Inotilone, a bioactive phenolic compound isolated from medicinal fungi (Phellinus and Inonotus), exhibits promising antioxidant activity. However, its molecular mechanism remains unclear. This study investigates its radical scavenging behavior in aqueous and lipid-like environments using quantum chemical approaches. Thermodynamic results identify hydroxyl groups as the most reactive sites, while deprotonation is highly favored in water, leading to dominance of the monoanionic form at physiological pH. Kinetic analysis reveals that the antioxidant activity in aqueous solution is governed by the single electron transfer pathway of deprotonated species, yielding high-rate constants (koverall = 7.27 × 106 M⁻1 s⁻1), significantly exceeding that of Trolox.
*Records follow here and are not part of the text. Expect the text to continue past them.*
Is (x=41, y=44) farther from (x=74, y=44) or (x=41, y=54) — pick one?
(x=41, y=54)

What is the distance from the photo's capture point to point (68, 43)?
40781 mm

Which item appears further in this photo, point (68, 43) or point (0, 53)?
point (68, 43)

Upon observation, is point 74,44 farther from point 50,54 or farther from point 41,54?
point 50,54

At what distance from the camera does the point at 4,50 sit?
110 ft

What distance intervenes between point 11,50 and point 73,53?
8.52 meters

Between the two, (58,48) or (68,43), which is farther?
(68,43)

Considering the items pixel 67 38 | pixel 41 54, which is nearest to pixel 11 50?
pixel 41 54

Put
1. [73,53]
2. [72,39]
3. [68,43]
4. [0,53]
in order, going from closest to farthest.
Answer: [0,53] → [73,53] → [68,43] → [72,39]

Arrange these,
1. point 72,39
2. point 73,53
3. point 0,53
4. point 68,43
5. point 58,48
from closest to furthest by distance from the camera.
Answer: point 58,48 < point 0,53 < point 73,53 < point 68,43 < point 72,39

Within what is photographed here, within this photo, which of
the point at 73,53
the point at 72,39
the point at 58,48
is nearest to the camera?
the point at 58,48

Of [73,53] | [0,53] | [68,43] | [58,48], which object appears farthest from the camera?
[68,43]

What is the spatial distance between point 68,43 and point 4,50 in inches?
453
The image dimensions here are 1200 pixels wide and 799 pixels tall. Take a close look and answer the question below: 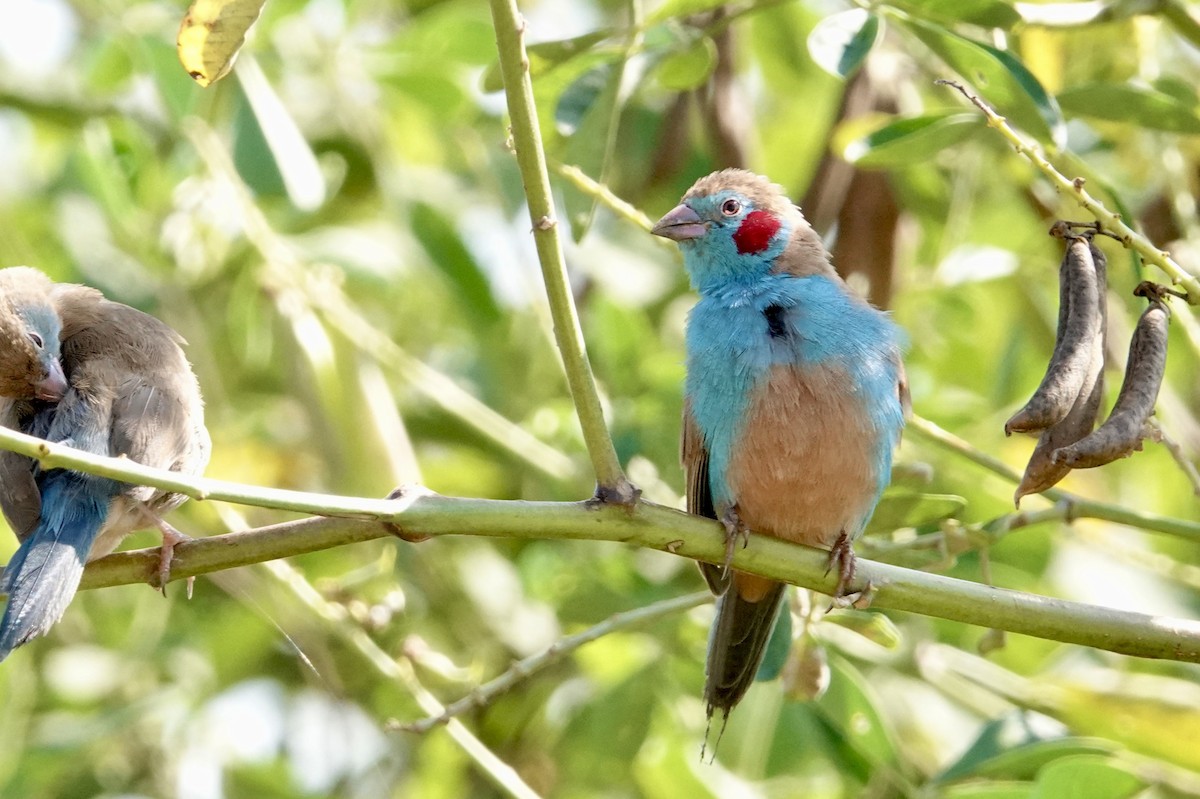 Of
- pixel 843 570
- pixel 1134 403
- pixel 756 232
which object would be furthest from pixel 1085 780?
pixel 756 232

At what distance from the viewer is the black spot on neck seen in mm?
3734

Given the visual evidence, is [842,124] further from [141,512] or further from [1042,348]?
[141,512]

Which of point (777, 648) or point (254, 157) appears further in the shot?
point (254, 157)

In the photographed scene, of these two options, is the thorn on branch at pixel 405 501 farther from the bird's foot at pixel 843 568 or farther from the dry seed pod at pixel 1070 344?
the dry seed pod at pixel 1070 344

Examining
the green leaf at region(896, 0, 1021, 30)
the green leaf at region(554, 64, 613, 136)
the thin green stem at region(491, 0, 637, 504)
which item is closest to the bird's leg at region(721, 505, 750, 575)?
the thin green stem at region(491, 0, 637, 504)

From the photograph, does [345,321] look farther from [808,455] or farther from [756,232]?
[808,455]

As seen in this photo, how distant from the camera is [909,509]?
3635mm

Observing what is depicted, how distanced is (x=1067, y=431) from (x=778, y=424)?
3.39ft

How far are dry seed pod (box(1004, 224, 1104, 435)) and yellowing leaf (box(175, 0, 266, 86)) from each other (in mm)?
1488

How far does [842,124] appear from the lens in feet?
15.2

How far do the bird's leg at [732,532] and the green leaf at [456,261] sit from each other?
1658 millimetres

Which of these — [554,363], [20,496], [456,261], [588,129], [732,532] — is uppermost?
[588,129]

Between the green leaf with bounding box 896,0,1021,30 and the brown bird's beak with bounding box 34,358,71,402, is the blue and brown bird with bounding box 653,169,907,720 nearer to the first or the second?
the green leaf with bounding box 896,0,1021,30

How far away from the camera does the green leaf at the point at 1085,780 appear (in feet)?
10.6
In contrast, in non-polar media, the reaction proceeds mainly via formal hydrogen atom transfer with much lower efficiency, highlighting strong solvent-dependent behavior.

Methods

Density functional theory calculations were performed at the M06-2X/6–311 +  + G(d,p) level using the SMD solvation model for water and pentyl ethanoate. Thermodynamic descriptors (BDE, IP, PA) were calculated to evaluate fHAT, SET-PT, and SPLET mechanisms. Reaction kinetics with the HOO• radical were investigated using the QM-ORSA protocol to obtain activation free energies and rate constants. All calculations were carried out with Gaussian 09, and kinetic parameters were computed using the Eyringpy software.